Work instructions: With the pictures set aside, write out all of the data exactly as it stands.

Given material:
= = = = =
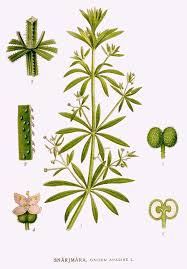 Image result for Galium aparine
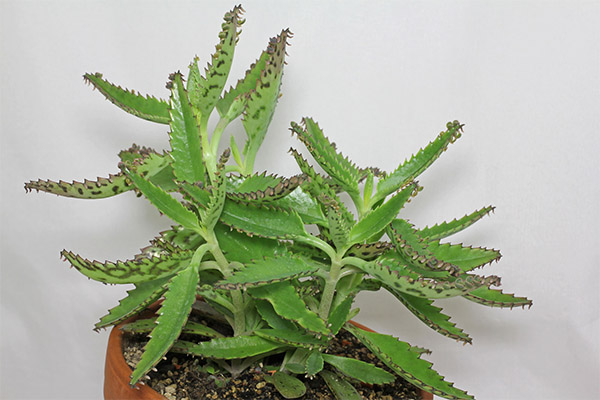 Anwendung von Kalanchoe in der Kosmetik
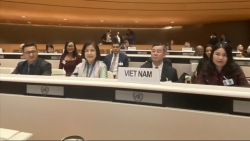 Вьетнам принял участие в 13-м совещании ЮНКТАД по управлению долгами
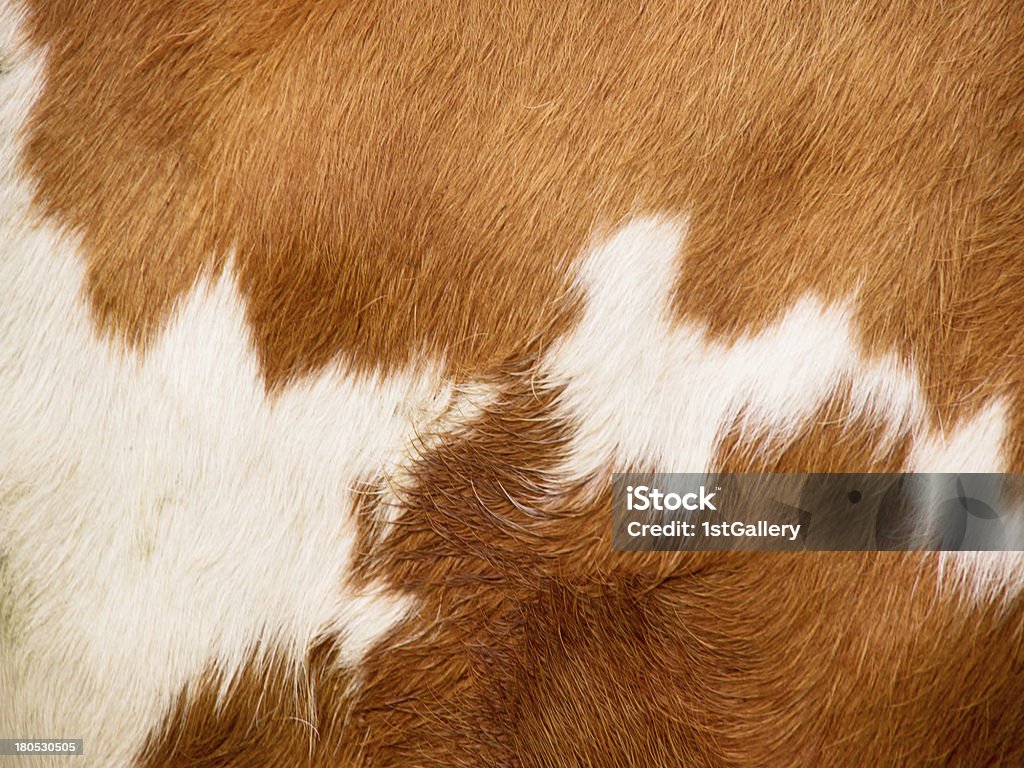 cow fur background cow fur background (9) Abstract Stock Photo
= = = = =
Written answer:
 Image result for Galium aparine
 Anwendung von Kalanchoe in der Kosmetik
 Вьетнам принял участие в 13-м совещании ЮНКТАД по управлению долгами
 cow fur background cow fur background (9) Abstract Stock Photo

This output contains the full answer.